Haitian Creole is now a machine translation staple

In response to the earthquake in Haiti, Microsoft quickly expanded its machine translation engine to include Haitian Creole.

Today I noticed that Google has an alpha version of its Haitian Creole engine as well.

Though it’s sad that it took a natural disaster to spur attention to a particular language, I’m glad to see the language available.

It’s hard to underestimate the importance of readily accessible machine translation. Just as search engines help us better understand the world, machine translation engines help us better understand one another.

And, yes, they’re far from perfect. But they’re far better than nothing at all. And they are finding their way into countless applications and countless fixed and mobile devices, each additional language offering another glimpse into another world.

Google Translate: Now in 51 languages

In February of this year, Google Translate surpassed 40 languages.

Six months later, Google added ten more languages, a two-year growth trajectory illustrated below:

google_translate_languages

Google went from 13 languages to 51 languages in less than 16 months.

Not bad.

And, yes, I’m aware that we must not confuse quantity of translations with quality of translations. Your translation mileage will most certainly vary by language pair. Still, as language pairs go, Google is the only game in town across many.

Here are the 10 most recently added languages:

  • Albanian
  • Afrikaans
  • Belarusian
  • Icelandic
  • Irish
  • Macedonian
  • Malay
  • Swahili
  • Welsh
  • Yiddish

On a related noted, 41 of these languages are now incorporated into Google Docs.

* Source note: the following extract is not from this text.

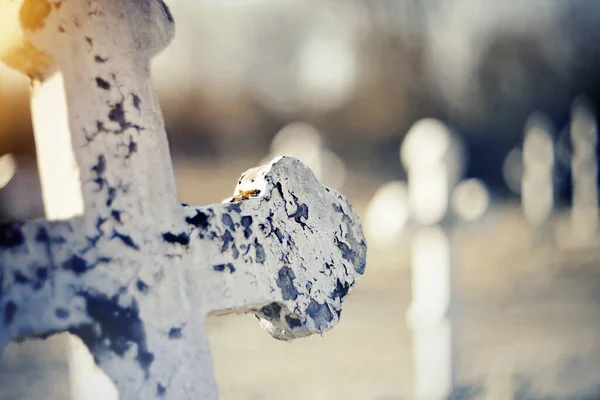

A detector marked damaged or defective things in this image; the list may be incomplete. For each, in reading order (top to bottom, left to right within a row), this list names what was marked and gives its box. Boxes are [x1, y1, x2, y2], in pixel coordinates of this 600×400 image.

chipped paint surface [0, 0, 366, 400] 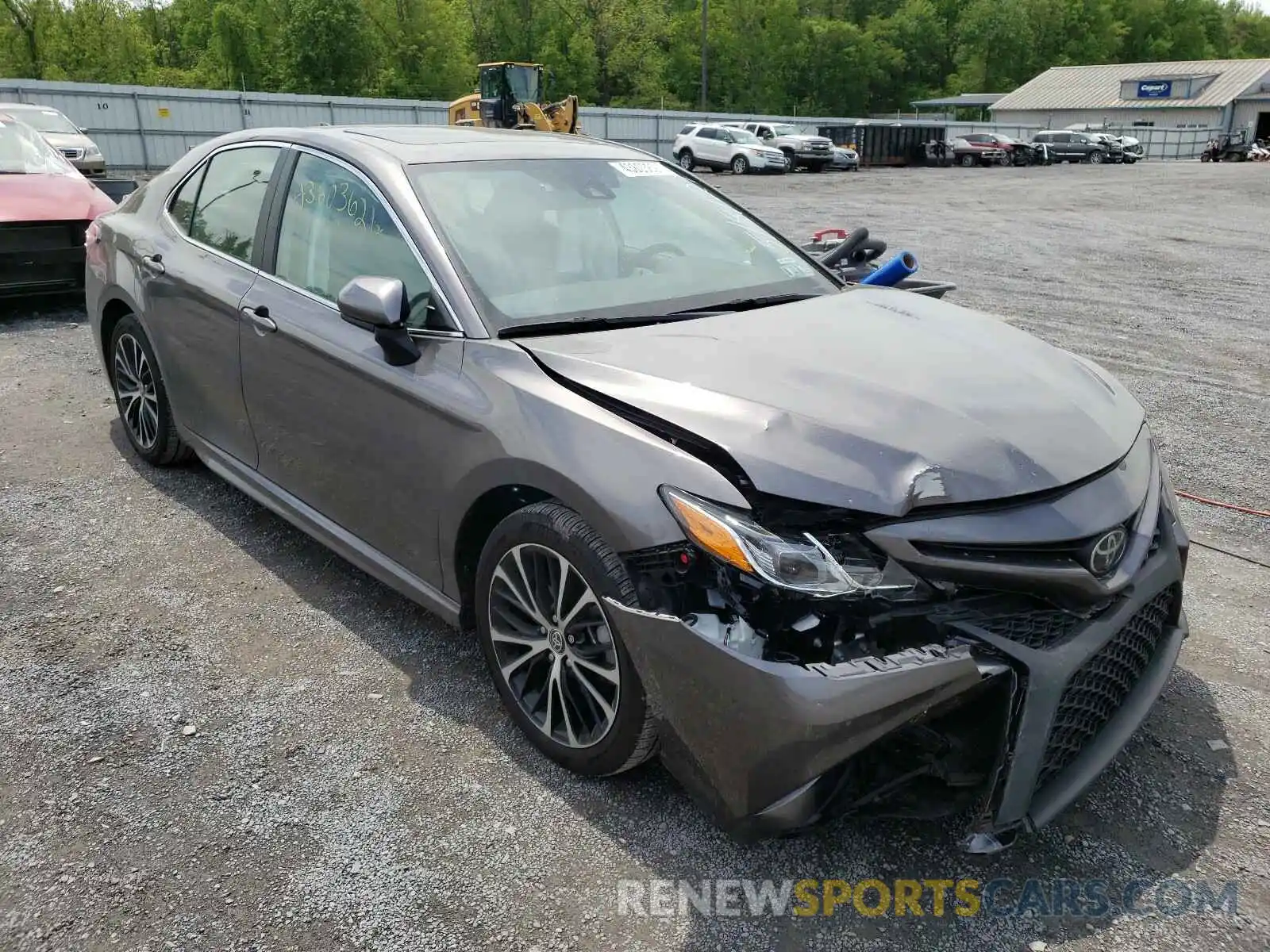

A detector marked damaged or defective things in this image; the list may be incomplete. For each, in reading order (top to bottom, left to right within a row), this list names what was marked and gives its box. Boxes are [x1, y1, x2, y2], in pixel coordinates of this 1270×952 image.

Decyphering Google Translate on your web logs

Whenever I read this site’s web logs, I’m always fascinated by the number of referrals via Google Translate.

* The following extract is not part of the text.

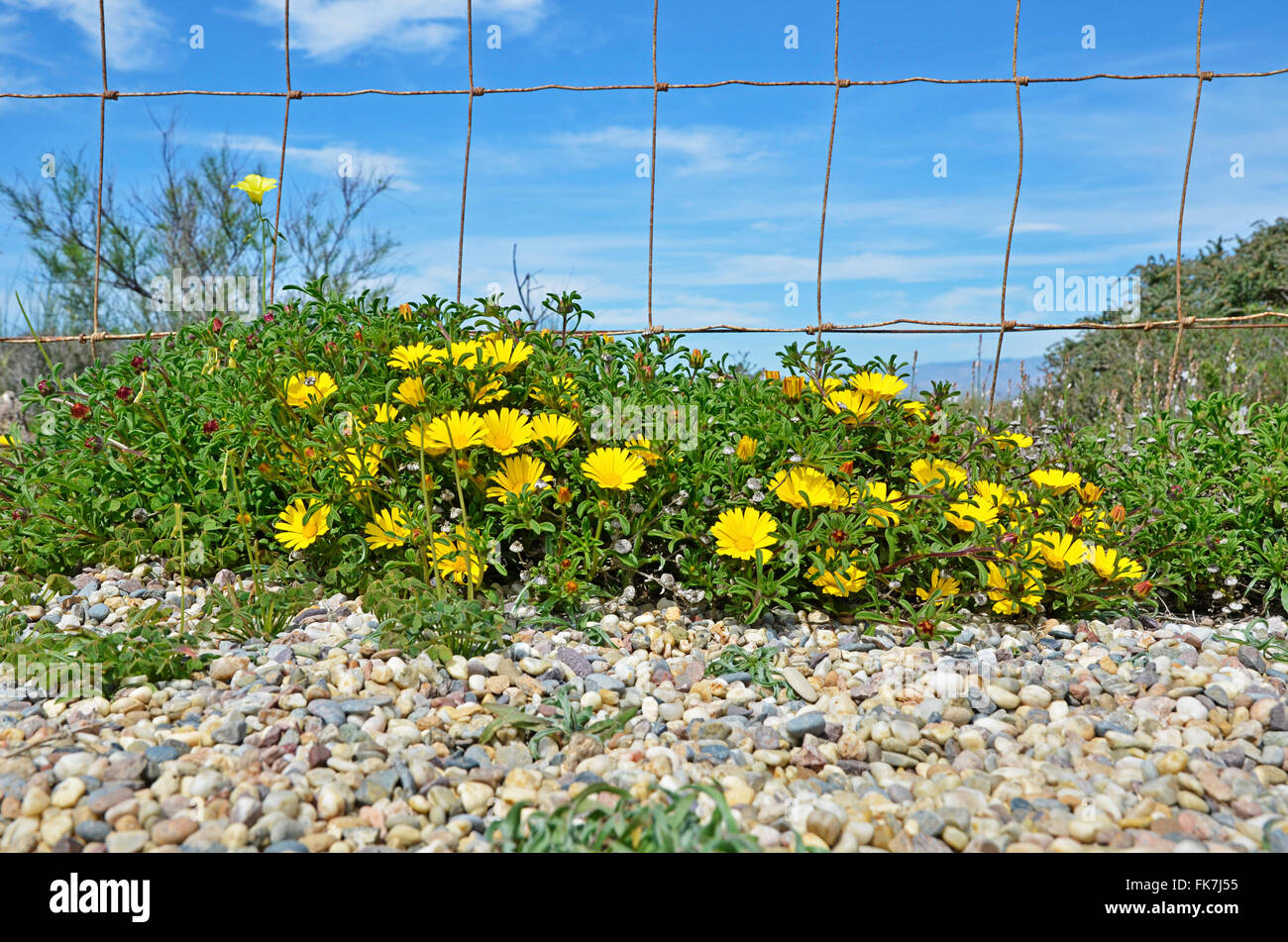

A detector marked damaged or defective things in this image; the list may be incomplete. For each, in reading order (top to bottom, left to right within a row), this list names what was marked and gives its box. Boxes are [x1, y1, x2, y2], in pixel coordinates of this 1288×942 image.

rusty fence wire [2, 0, 1288, 411]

Every month there seems to be more of them, which could mean that the quality of Google Translate is improving, or this site is doing better in the rankings, or some combination of the two. Or, it could be simply be that more people have discovered Google Translate.

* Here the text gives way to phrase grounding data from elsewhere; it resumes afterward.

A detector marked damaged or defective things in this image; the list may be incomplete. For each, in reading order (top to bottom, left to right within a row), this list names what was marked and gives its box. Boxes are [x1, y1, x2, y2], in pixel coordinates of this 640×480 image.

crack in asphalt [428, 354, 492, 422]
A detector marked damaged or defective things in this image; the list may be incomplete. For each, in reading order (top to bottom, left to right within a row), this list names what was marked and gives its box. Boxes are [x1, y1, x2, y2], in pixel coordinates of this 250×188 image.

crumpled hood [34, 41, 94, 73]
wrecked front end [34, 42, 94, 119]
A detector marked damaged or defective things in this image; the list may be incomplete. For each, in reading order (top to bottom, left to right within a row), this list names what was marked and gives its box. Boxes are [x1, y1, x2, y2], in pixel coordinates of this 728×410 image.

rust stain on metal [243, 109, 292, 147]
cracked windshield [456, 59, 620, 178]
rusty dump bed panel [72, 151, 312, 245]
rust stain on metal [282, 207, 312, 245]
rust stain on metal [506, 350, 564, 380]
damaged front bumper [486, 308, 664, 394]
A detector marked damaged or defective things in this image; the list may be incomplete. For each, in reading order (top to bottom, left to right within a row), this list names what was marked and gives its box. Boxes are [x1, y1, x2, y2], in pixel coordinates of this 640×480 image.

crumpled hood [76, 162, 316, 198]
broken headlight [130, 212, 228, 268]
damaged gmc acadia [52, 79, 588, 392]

Given my passion for country codes, it’s fair to say that I also enjoy language codes. And it is through language codes that you can figure out what languages users were translating your site “from” and “to.”

Here is one referral string from my site:

google_translate

First, you can see that the person was using Google Korea, so it’s fair to say the person was translating from English into Korean. The “To” line is actually the blog title post translated into Korean.

That was an easy one.

This next one is a bit more challenging:

google_translate2

This person was using Google.com, so you have to focus on the language codes. There are two here — an “id” (which follows  “hl=”) and an “en” (which follows “sl=”). What this means is the person was translating from English into Indonesian (Bahasa Indonesia).

Here is what the translated page looks like:

google_translate2a

The quick and easy way to know the target language is to focus on the “hl=” string. In the screen shot below, the target language is German.

google_translate3

And here is a language code reference if you want to study your web logs.

What I want to know is what percentage of web traffic is taken up by Google Translate. Anyone care to share their Web log stats?

Based on my cursory analysis, I would estimate the figure to be between 5% and 10%, but that’s very rough.